Tonight, March 24, the Missoula City Council will vote on whether or not it should go ahead with a $7.9 million public safety financing district to help fund, in part, improvements at the Missoula Police Department. There are few voices saying the improvements aren't needed, however, there is significant controversy over how to get the money.

"I plan to vote against the new district," said Missoula City Council Member Adam Hertz. "I think the city has passed a lot of inefficiencies in the budget. There's no doubt that the police facility enhancements are necessary, but, in the past we would have gone to the public and asked them to approve a bond. Apparently democracy is just too inconvenient for the mayor and city council these days."

Hertz argues that not only is a bond more democratic, it forces the city to be more fiscally responsible. Right now, the projected cost of the district is $11 for a $250,000 property in 2015. That price is expected to jump up to $24 in 2016. But Hertz says it won't stop there, and points to two current tax districts as evidence that Missoulians can expect to see a tax spike in the future if the district goes through.

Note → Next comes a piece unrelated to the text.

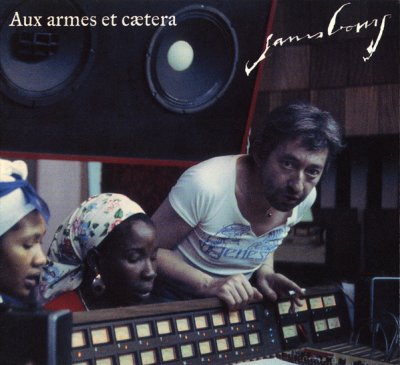 Album cover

"Districts don't have any caps set on them by the Montana legislature, so they can go up infinitely if the city council and mayor vote to raise them. Last year, the road district nearly doubled and the park district went up by 25 percent. These are significant new district fees that will be on our property tax bills moving forward."

The other option to pay for the improvements is for city to go the more traditional levy/bond route, which would have to be voted on by the general public in the November elections. Bonds and levies have certain restrictions that prevent sharp tax increases in the future.

"Currently, the general levy... the tax bill that you see on your property tax form... that's capped by the State of Montana," Hertz said. "The city can only increase taxes on the general levy by half of the rate of inflation. That's meant to make cities live with a little more financial responsibility. The city-wide special tax districts are a way to get around that levy cap."

The city council is likely to approve the district, but even if it does, there is a way that Missoulians can vote on which of the two payment routes the city should take. After approval by the mayor and city council, the city is required by law to send out letters notifying the public about the move, a process that will cost $20,000 itself.

A public protest period is also required, it will run between April 22 and June 20. During this time, if 10 percent of property owners contest the district, it will go back to the city council and require a referendum. If more than 50 percent of property owners protest, district proceedings will have to stop for a full year before they can be discussed again.